Review of Economic Studies 2005 72(4), 947-972
This paper presents a theory of the market provision of broadcasting and uses it to address the nature of market failure in the industry. Equilibrium advertising levels may be too low or too high, depending on the nuisance cost to viewers, the substitutability of programmes, and the expected benefits to advertisers from contacting viewers. The equilibrium amount of programming may also be below or above the socially optimal level. Perhaps surprisingly, the ability to price programming may reduce social surplus, while monopoly ownership may increase it.

Spatial Price Discrimination with Heterogeneous Products

Review of Economic Studies 1988 55(4), 573
Product heterogeneity is introduced into the context of spatial price discrimination. Many of the strong properties of the standard homogeneous goods case (which are attained as a limit case here) are shown to be no longer valid. In particular, the social optimum is no longer sustainable as a market equilibrium unless products are either identical or else very different.

Advertising Content

American Economic Review 2006 96(1), 93-113
Empirical evidence suggests that most advertisements contain little direct information. Many do not mention prices. We analyze a monopoly firm's choice of advertising content and the information disclosed to consumers. The firm advertises only product information, price information, or both, and prefers to convey only limited product information if possible. It is socially harmful to force it to provide full information if it has sufficient ability to parse the information imparted, nor does it help to restrict the information voluntarily provided.

Oligopolistic Competition and the Optimal Provision of Products

Econometrica 1995 63(6), 1281
This paper considers the theory of market versus optimal product diversity in the light of two recent advances in oligopoly theory. The first is the development of discrete choice models to describe heterogeneous consumer tastes, and the application of such models to oligopolistic competition. The second advance is the proof that logconcavity of the consumer taste density guarantees the existence of a price equilibrium. We analyze an oligopoly model with price competition and free entry, taking explicit account of the integer constraint. Under the Chamberlinian symmetry assumption (that tastes are i.i.d.), we first show that logconcavity of the taste density implies there is excessive market provision of variety when each consumer buys one unit of the product from one of the firms. We then show that this result extends to price-sensitive individual demands by proving that the equilibrium number of firms is at least as great as that which would be provided at the second-best social optimum subject to a zero-profit constraint for firms. Our results call into question previous findings for representative consumer models that left open the possibility of insufficient product diversity.
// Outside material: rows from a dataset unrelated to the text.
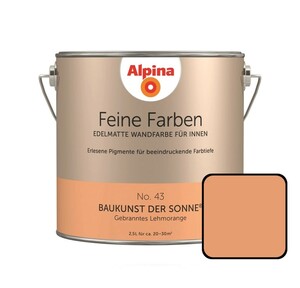 Alpina Feine Farben No. 43 Baukunst der Sonne 2,5L gebranntes lehmorange, edelmatt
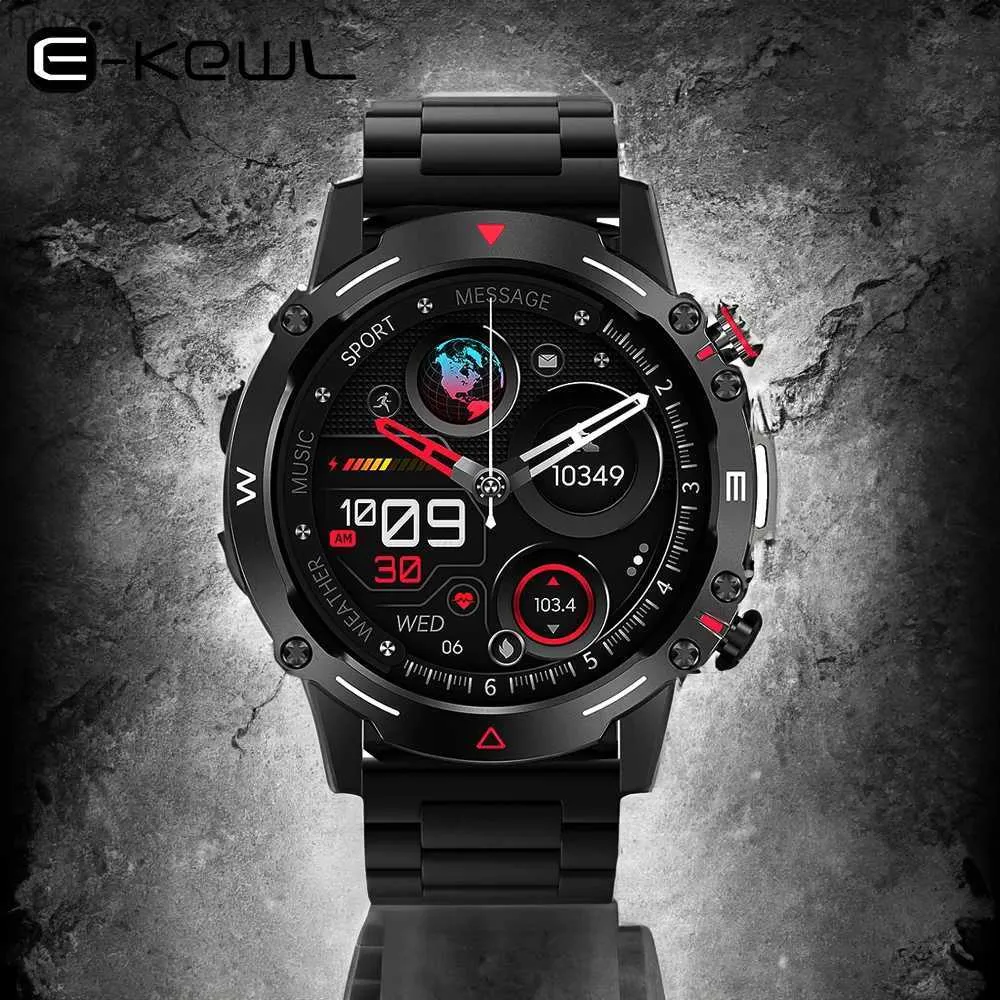 Inteligentne zegarki T-Rex Ultra Military Smart Watch AMOLED ABELLE-ON DISTRYKA IP68 Waterproof 100+ trybów sportowych Rugged Men Smartwatch Bluetooth Call YQ240125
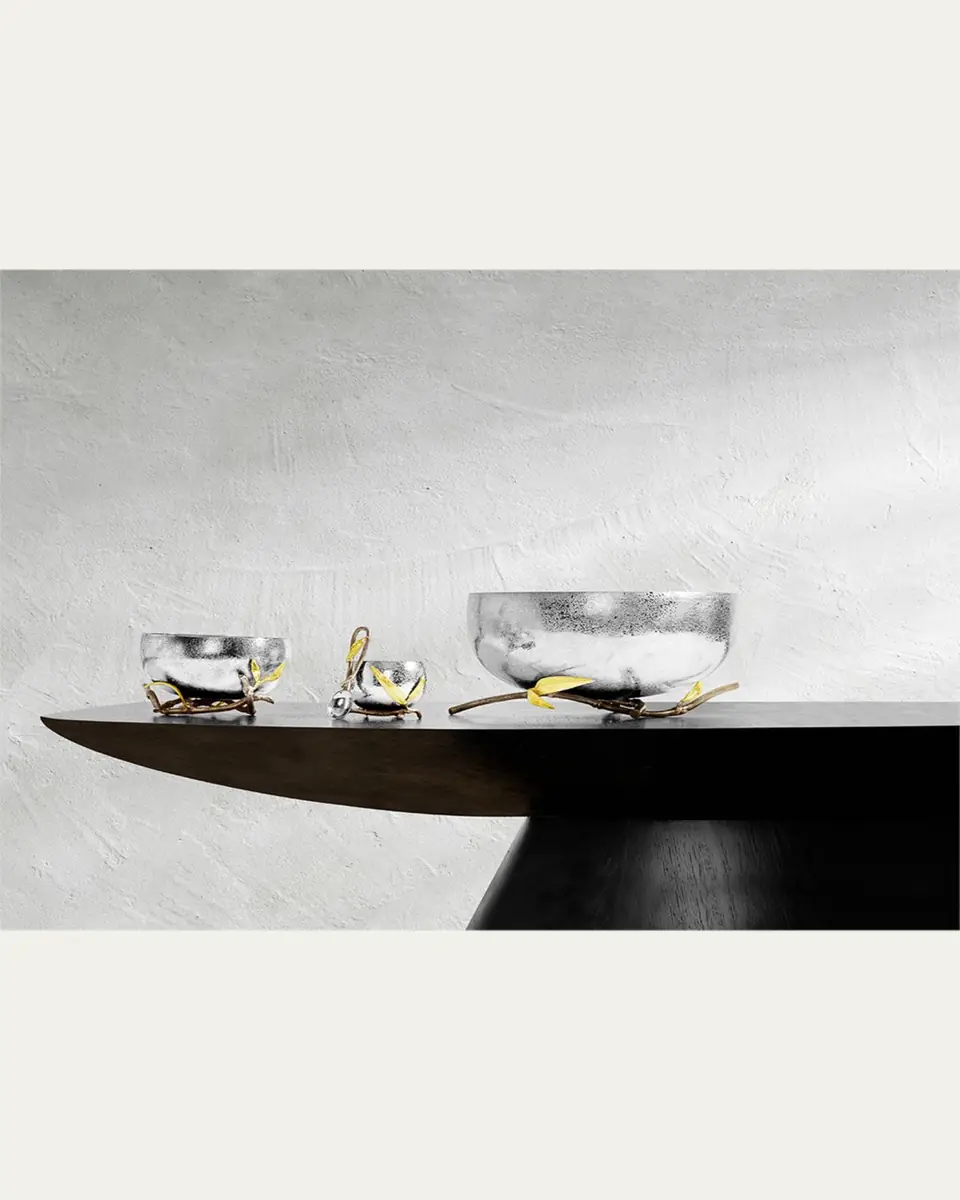 Michael Aram Zen Garden Nut Bowl with Spoon | Thumbnail 5 Michael Aram Zen Garden Nut Bowl with Spoon | Thumbnail 5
Rent Seeking with Bounded Rationality: An Analysis of the All‐Pay Auction

Journal of Political Economy 1998 106(4), 828-853
The winner-take-all nature of all-pay auctions makes the outcome sensitive to decision errors, which we introduce with a logit formulation. The equilibrium bid distribution is a fixed point: the belief distributions that determine expected payoffs equal the choice distributions determined by expected payoffs. We prove existence, uniqueness, and symmetry properties. In contrast to the Nash equilibrium, the comparative statics of the logit equilibrium are intuitive: rent dissipation increases with the number of players and the bid cost. Overdissipation of rents is impossible under full rationality but is observed in laboratory experiments. Our model predicts this property.